Il 57enne contesta quando dichiarato da Galdo: «Stesso carcere, ma non ci ho mai avuto a che fare»

PESCARA. Nessuna promessa economica al suo aggressore e con lui nessuna particolare conoscenza.
Il 57enne di Monza, I.C., vittima dell’accoltellamento, avvenuto mercoledì pomeriggio, in un palazzo di piazza Sacro Cuore respinge in toto la versione fornita da Mario Galdo, il 51enne rinchiuso in carcere con le accuse di tentata rapina aggravata e lesioni aggravate.
Attraverso il suo avvocato Giovanni Mangia, il 57enne, che sabato è stato dimesso dall’ospedale, in cui era stato ricoverato con 60 giorni di prognosi, conferma di aver trascorso con Galdo un periodo nello stesso carcere, ma di non averci avuto mai niente a che fare. Di averci parlato addirittura una sola volta e in quella unica occasione di non avergli promesso soldi o altro.

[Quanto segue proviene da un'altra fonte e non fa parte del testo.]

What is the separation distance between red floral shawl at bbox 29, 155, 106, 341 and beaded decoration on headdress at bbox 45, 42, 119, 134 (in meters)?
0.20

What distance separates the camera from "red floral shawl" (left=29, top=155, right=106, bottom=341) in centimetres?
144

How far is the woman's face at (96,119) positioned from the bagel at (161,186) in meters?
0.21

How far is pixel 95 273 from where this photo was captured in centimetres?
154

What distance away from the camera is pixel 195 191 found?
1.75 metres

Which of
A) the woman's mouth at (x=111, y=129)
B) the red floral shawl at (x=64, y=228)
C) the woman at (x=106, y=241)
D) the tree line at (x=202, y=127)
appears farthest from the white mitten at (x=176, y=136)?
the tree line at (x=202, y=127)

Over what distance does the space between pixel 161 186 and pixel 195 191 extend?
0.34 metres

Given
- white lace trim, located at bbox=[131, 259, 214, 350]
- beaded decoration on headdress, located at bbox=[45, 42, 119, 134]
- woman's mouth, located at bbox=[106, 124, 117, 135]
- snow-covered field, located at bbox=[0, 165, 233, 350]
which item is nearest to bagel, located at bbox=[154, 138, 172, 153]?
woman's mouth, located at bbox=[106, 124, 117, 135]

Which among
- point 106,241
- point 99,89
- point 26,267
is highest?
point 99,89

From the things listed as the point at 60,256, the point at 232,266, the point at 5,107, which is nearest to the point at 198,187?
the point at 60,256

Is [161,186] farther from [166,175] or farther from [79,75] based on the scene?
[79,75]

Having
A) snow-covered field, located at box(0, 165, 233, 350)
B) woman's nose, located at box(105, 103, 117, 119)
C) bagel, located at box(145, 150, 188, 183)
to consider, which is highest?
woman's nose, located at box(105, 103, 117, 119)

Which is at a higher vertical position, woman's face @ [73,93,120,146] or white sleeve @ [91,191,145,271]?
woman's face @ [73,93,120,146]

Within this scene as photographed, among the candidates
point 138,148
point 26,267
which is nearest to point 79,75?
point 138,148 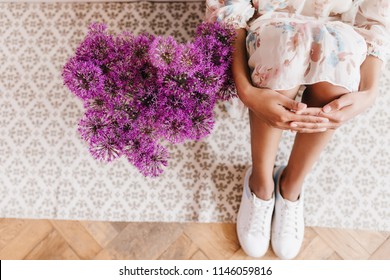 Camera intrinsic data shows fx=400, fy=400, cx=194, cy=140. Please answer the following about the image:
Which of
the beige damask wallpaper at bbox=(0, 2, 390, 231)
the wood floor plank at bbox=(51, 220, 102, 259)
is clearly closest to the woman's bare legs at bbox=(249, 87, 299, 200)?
the beige damask wallpaper at bbox=(0, 2, 390, 231)

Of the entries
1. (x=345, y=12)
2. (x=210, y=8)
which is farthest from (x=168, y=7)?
(x=345, y=12)

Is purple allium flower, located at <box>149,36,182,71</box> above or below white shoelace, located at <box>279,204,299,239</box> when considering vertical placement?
above

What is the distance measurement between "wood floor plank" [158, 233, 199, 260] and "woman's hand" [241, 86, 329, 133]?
0.51 meters

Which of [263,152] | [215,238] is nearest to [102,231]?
[215,238]

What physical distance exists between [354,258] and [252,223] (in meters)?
0.30

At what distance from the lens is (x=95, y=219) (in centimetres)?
111

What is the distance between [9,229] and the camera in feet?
3.68

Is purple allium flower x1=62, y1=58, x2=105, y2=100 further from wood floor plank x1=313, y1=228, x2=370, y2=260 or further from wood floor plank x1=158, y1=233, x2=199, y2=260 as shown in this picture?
wood floor plank x1=313, y1=228, x2=370, y2=260

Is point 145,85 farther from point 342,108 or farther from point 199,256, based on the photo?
point 199,256

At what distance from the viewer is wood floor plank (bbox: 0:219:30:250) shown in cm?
112

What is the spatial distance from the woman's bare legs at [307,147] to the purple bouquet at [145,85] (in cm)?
17

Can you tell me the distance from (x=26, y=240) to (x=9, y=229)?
6 cm

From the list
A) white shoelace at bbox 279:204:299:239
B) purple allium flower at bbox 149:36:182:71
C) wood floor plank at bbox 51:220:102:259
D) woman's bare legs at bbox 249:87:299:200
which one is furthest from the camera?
wood floor plank at bbox 51:220:102:259

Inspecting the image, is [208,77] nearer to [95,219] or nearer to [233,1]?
[233,1] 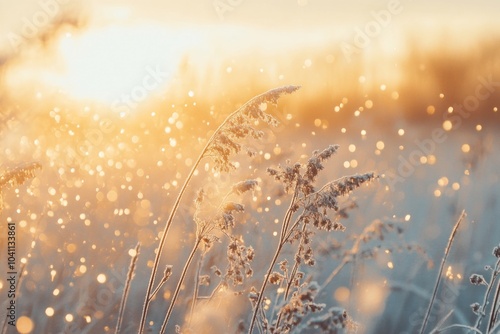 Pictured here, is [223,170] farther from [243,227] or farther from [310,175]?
[243,227]

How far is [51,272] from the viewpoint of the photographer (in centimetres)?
781

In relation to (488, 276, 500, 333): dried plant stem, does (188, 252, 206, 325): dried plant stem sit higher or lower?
lower

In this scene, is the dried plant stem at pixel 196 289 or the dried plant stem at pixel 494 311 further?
the dried plant stem at pixel 196 289

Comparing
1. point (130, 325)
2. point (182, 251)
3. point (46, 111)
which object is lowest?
point (130, 325)

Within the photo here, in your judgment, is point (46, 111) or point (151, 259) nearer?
point (151, 259)

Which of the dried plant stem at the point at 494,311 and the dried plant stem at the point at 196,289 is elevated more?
the dried plant stem at the point at 494,311

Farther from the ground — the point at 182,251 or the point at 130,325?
the point at 182,251

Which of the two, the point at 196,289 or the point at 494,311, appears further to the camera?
the point at 196,289

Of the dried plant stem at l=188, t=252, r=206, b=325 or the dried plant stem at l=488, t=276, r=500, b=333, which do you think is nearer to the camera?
the dried plant stem at l=488, t=276, r=500, b=333

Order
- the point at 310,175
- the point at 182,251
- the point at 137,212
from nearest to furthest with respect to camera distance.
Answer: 1. the point at 310,175
2. the point at 182,251
3. the point at 137,212

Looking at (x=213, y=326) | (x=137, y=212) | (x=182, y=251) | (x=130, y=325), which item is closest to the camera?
(x=213, y=326)

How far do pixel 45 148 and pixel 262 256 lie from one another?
13.1ft

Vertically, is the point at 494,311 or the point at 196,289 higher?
the point at 494,311

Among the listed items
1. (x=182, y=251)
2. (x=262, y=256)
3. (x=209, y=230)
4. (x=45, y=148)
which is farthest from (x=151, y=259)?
(x=209, y=230) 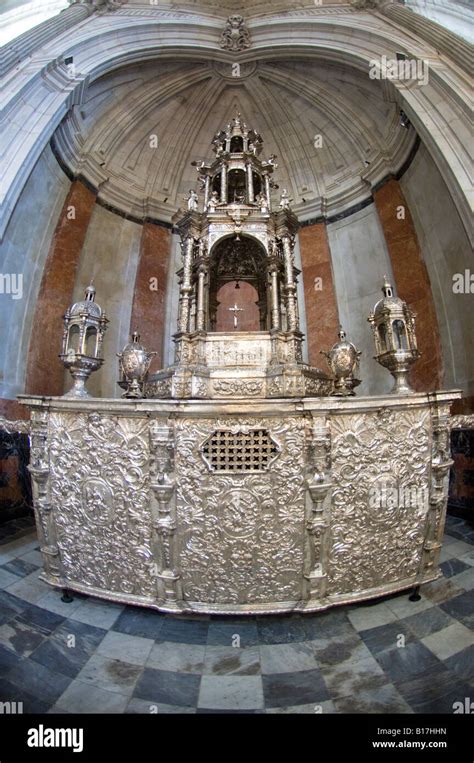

All’interno del carcere, invece, era nota la sua situazione economica, come nota anche fuori da quegli ambienti è la sua passione per gli orologi costosi.
Nei prossimi giorni, una volta terminato il periodo di isolamento fiduciario Covid, Galdo, che nella vicenda è indagato insieme ad altre due persone, sarà sentito dal gip Colantonio, il quale due giorni fa, alla luce dei gravi indizi di colpevolezza riscontrati e al pericolo di reiterazione del reato, ha convalidato l’arresto e disposto la custodia in carcere nei confronti del 51enne pescarese. (a.d.f.)